Description of the task: When the listing below reaches the line that has "The Collector inspecting", start reproducing exactly; stop after the line that has "beetle, leaf, nature, green, crawl, leaf", and drop the pictures.

Dataset extract:
◇ ◇ ◇ ◇ ◇
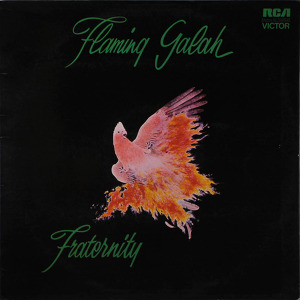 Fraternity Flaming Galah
◇ ◇ ◇ ◇ ◇
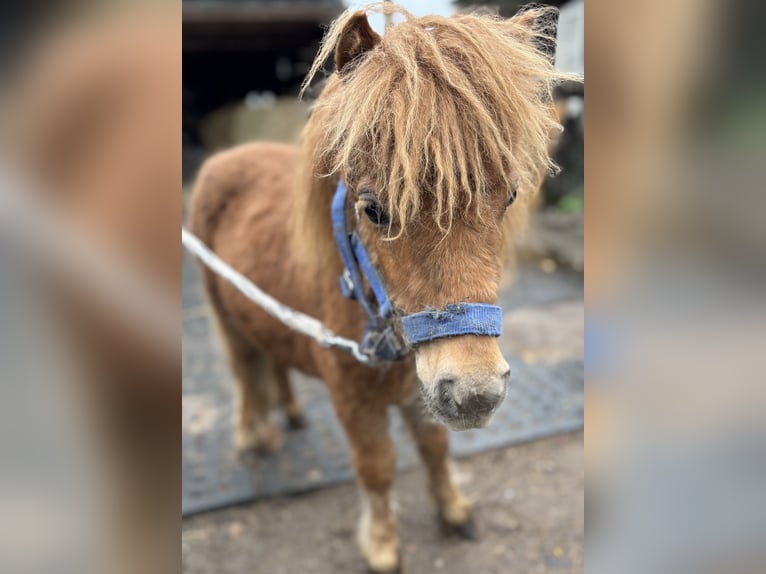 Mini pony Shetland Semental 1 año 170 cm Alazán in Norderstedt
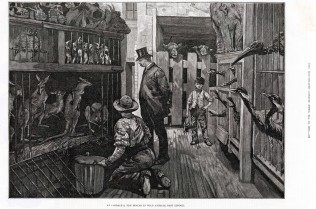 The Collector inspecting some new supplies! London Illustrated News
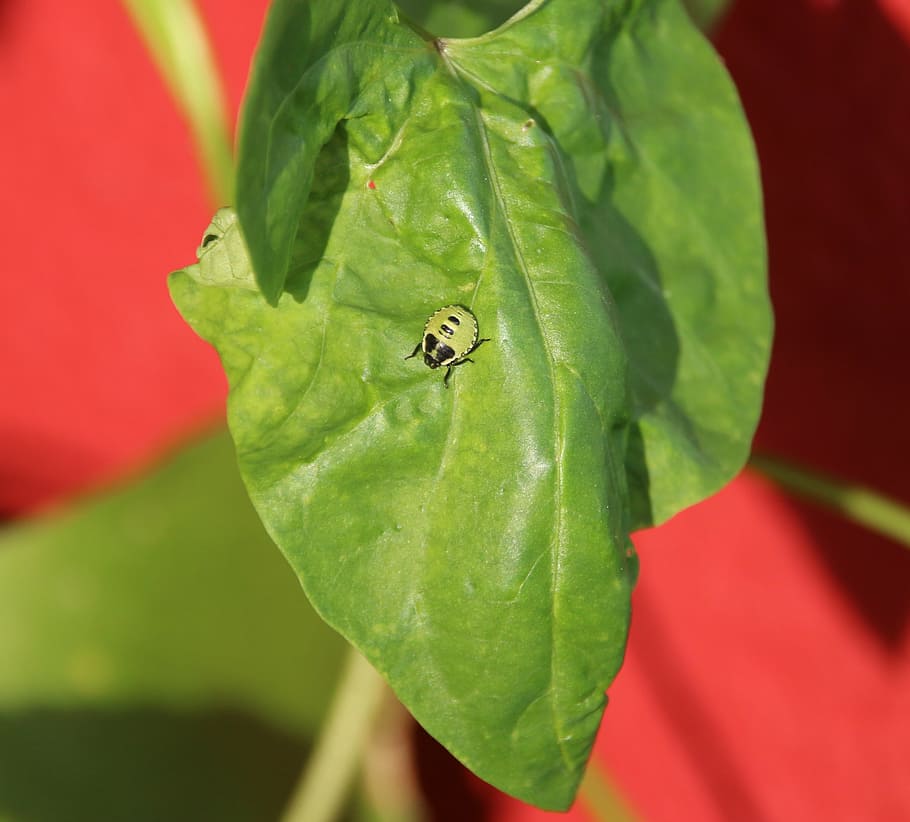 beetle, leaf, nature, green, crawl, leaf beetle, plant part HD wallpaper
◇ ◇ ◇ ◇ ◇
Reply to the exercise:
 The Collector inspecting some new supplies! London Illustrated News
 beetle, leaf, nature, green, crawl, leaf beetle, plant part HD wallpaper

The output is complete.